9:00 - Daily planning. We review the day, make note of what we can improve on in contacting, teaching, etc, and write in our plans for the next day.
10:00 - We get ready for bed, write in our journals, relax, and then go to sleep at 10:30.
2. Our budget as missionaries is really limited, so we have to be strategic about our shopping. We make a list of what we need, then go to the 99 cent store first and get what we can. They have a surprising good selection of produce there... a few weeks ago we got blueberries for $1?? What groceries we can't get there, we get at Wal-Mart. And we have a washer and dryer in our apartment, so we do laundry at home.
3. As for the apartment, we sleep in the same room and each have a twin bed. Across the hall we have another bedroom, which serves as our "office"... we have a desk and chairs where we study, and a large white board up on the wall where we keep lists of people in the ward, investigators, baptismal dates, plans for the week, etc. I'll send pictures next week! Also, we each have our own bathroom (have I mentioned that in previous emails?
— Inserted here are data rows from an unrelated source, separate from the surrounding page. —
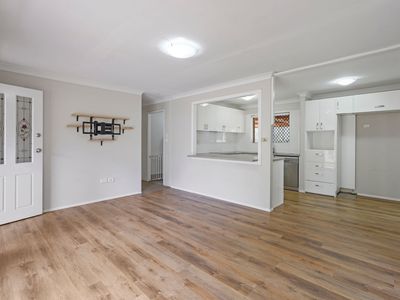 6 Essex Court, Bellbird Park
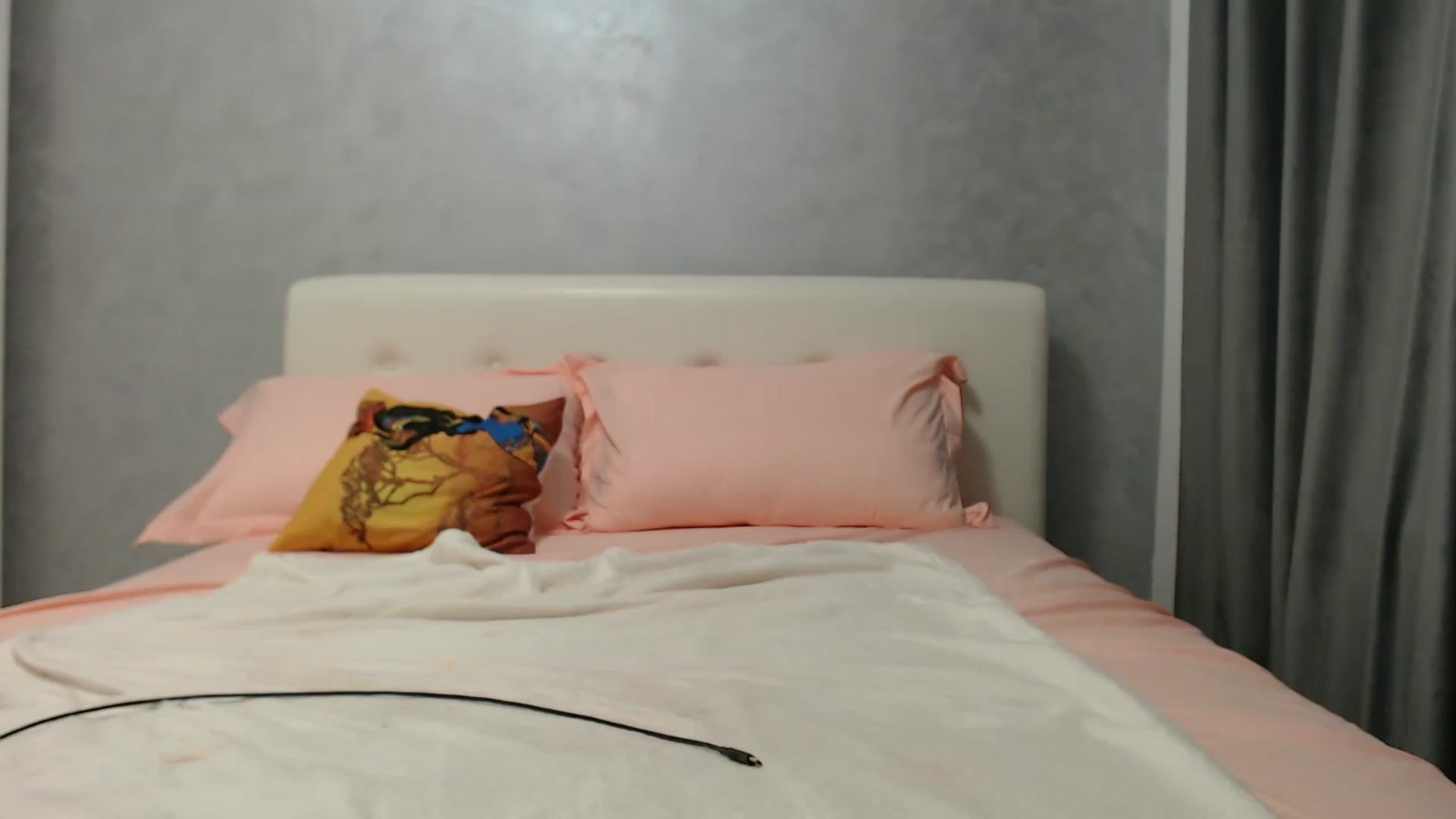 Gallery image thumbnail from Aahh_Emilia's myfreecams stream on, 07/19/2024, 17:01 image 10 of 20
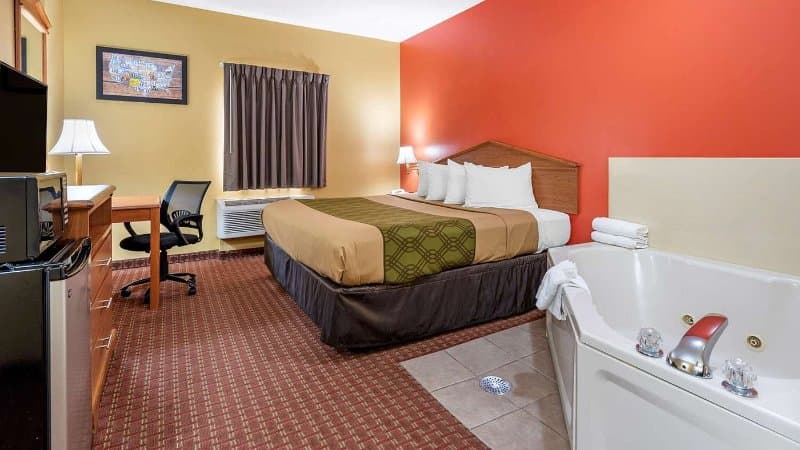 Econo Lodge Airport hotel photo 2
I can't remember)... which has been so nice.

Also, I did get the letter from Samantha - the mission home forwards mail to me if it gets sent there. Thank goodness! I got a letter from her and Elizabeth in the same day and I was jumping up and down at the mailbox in excitement, haha.
Yes there are other missionaries in Havasu - 2 other sisters serving in the other ward, Sister Schumaker (spelling?) and Sister Lowry. They're both over half way through with their missions. We're going on exchanges with them tomorrow and I'm a little nervous about it, but it will be a good learning experience.
It is pretty crazy that I've already got one month down... The time keeps picking up the pace! I'm trying to savor my time with Sister Cook because I've been so blessed in our companionship.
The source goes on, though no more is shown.